Derosa, G, Gaddi, AV, Ciccarelli, L, Fogari, E, Ghelfi, M, Ferrari, I, Cicero, AF
The Journal of international medical research. 2005;(3):284-94
Abstract
We evaluated the effect of glimepiride plus metformin and rosiglitazone plus metformin on glucose, and on cardiovascular risk parameters such as lipoprotein(a) (Lp[a]) and homocysteine (HCT) in patients with type 2 diabetes and metabolic syndrome. Ninety-nine patients in the multicentre, randomized, double-blind study took metformin (1500 mg/day) plus glimepiride (2 mg/day) or rosiglitazone (4 mg/day) for 12 months. Changes in body mass index, glycosylated haemoglobin (HbA1c), Lp(a) and HCT were primary efficacy variables. Fasting plasma glucose (FPG), post-prandial plasma glucose (PPG) and homeostasis model assessment index were also used to assess efficacy. On average, HbA1c decreased by 9.1% and 8.1%, FPG decreased by 7.3% and 10.9%, and PPG decreased by 7.6% and 10.5%, respectively, in the glimepiride and rosiglitazone groups after 12 months. Patients receiving rosiglitazone experienced more rapid improvement in glycaemic control than those on glimepiride, and showed a significant improvement in insulin resistance-related parameters.

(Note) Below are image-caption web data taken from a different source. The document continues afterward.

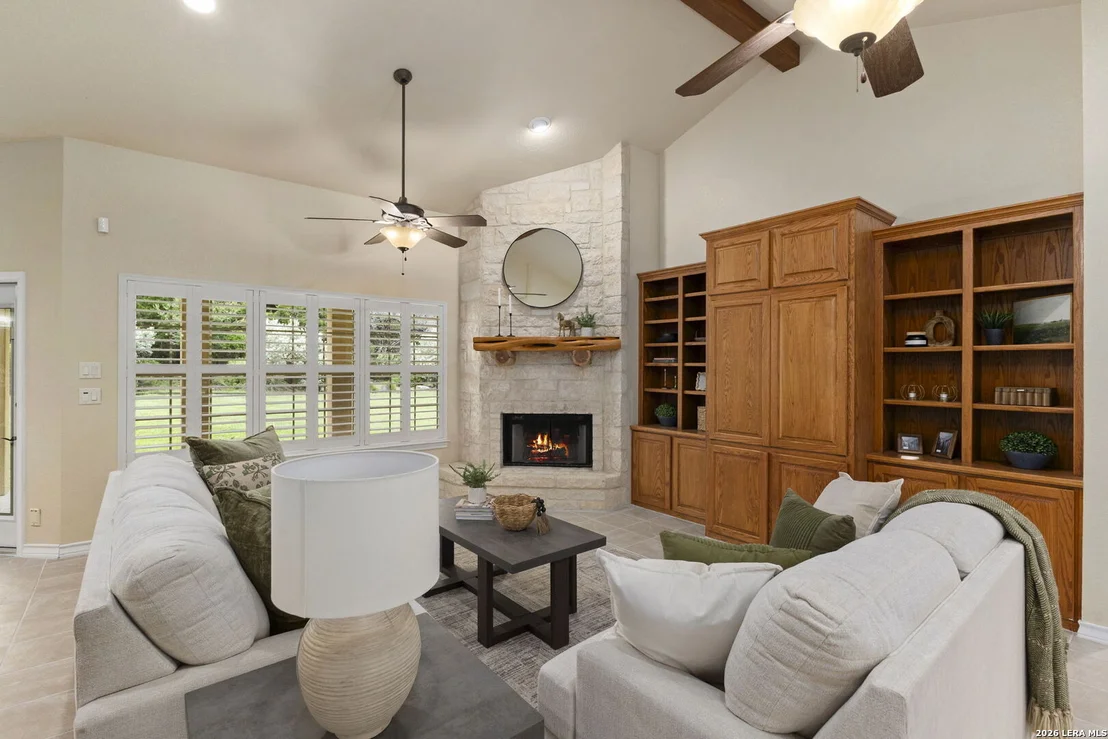 Photo of 128 Comal Oak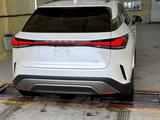 Lexus RX 350h 2024 года за 36 000 000 тг. в Алматы – фото 2
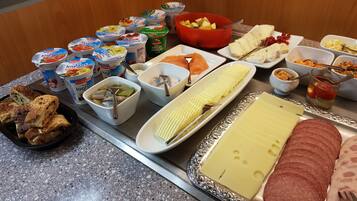 Desayuno buffet los días de semana (EUR 15.50 por persona)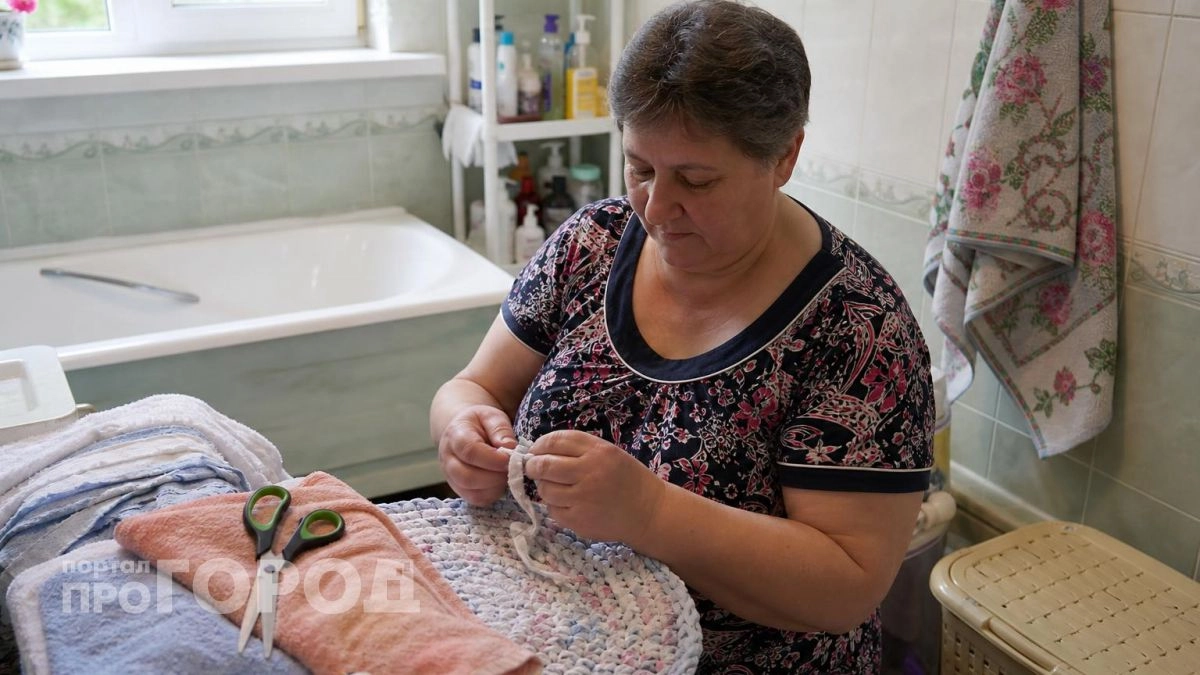Старые полотенца не выбрасываю: делаю мягкий коврик для ванной без швейной машинки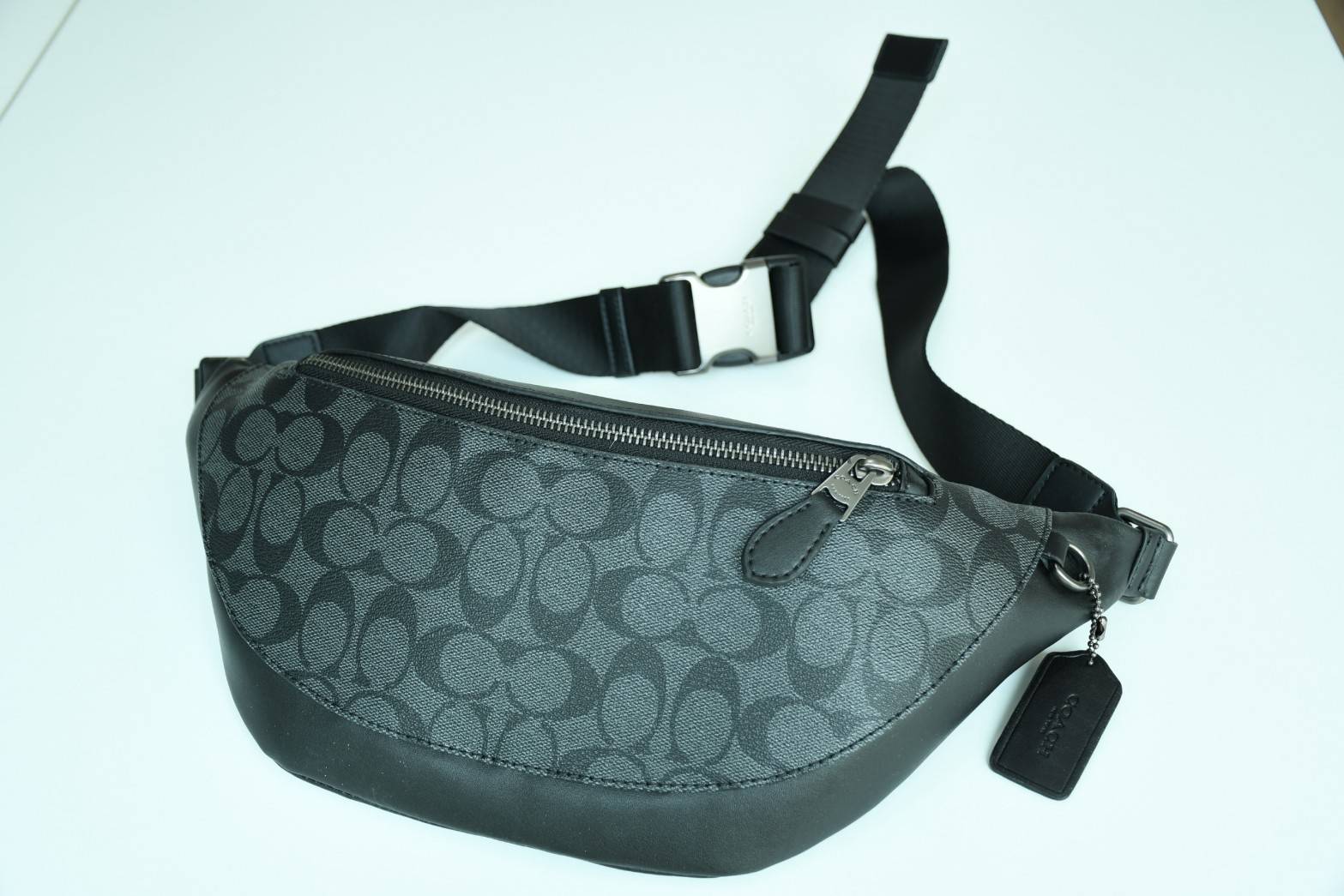 Coach F84711 Warren Mini Belt Bag In Signature Canvas กระเป๋าคาดอก คาดเอว ขนาดกำลังดี ใช้งานง่าย ใช้ได้ทั้งหญิงและชาย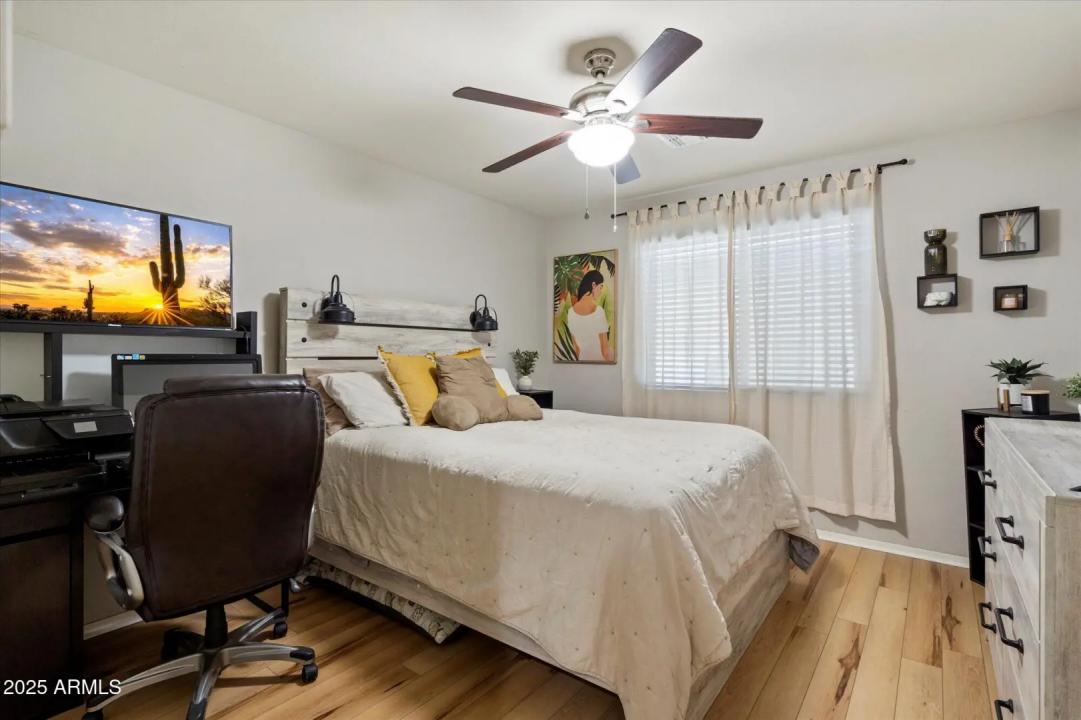 Real Estate Picture 15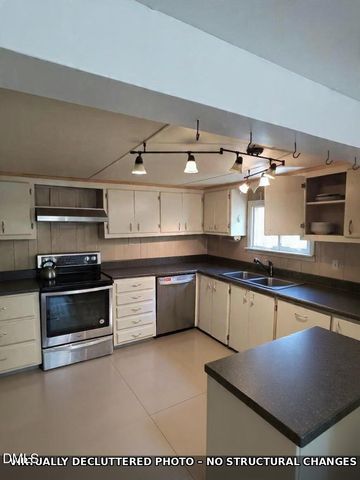 930 Old Halifax Road, Zebulon, NC 27597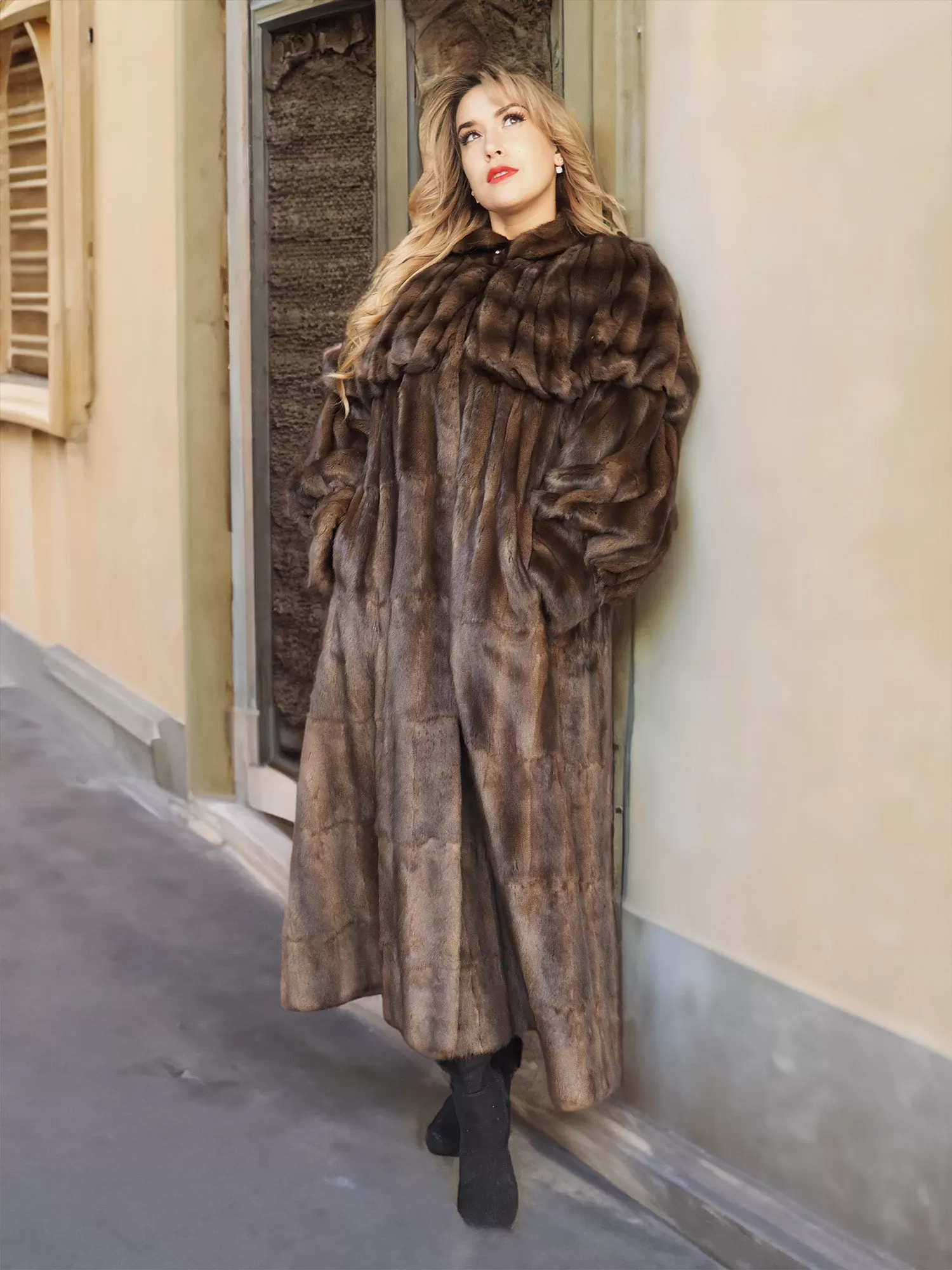 Luxurious Designer Russian Squirrel Fur Coat Coats By Giuliana Teso M/L 50 Long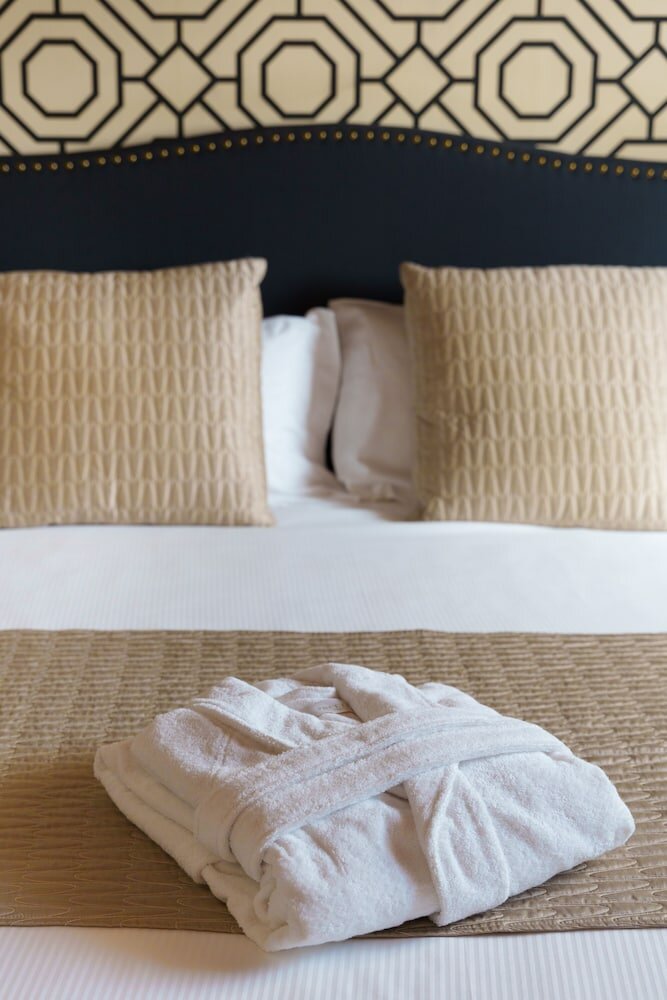 Фото The Place 217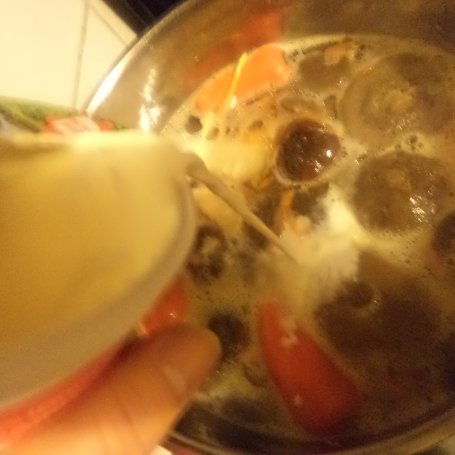 Krok 5 - Kremowa zupa z podgrzybkami - z nutą czosnku niedzwiedziego :) foto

There was a statistically significant decrease in basal homocysteinaemia in glimepiride-treated patients (-27.3%), but not in rosiglitazone-treated patients. Rosiglitazone plus metformin significantly improved long-term control of insulin resistance-related parameters compared with glimepiride plus metformin, although glimepiride treatment was associated with a slight improvement in cholesterolaemia, not observed in the rosiglitazone-treated patients, and with significant improvements in non-traditional risk factors for cardiovascular disease, such as basal homocysteinaemia and plasma Lp(a) levels.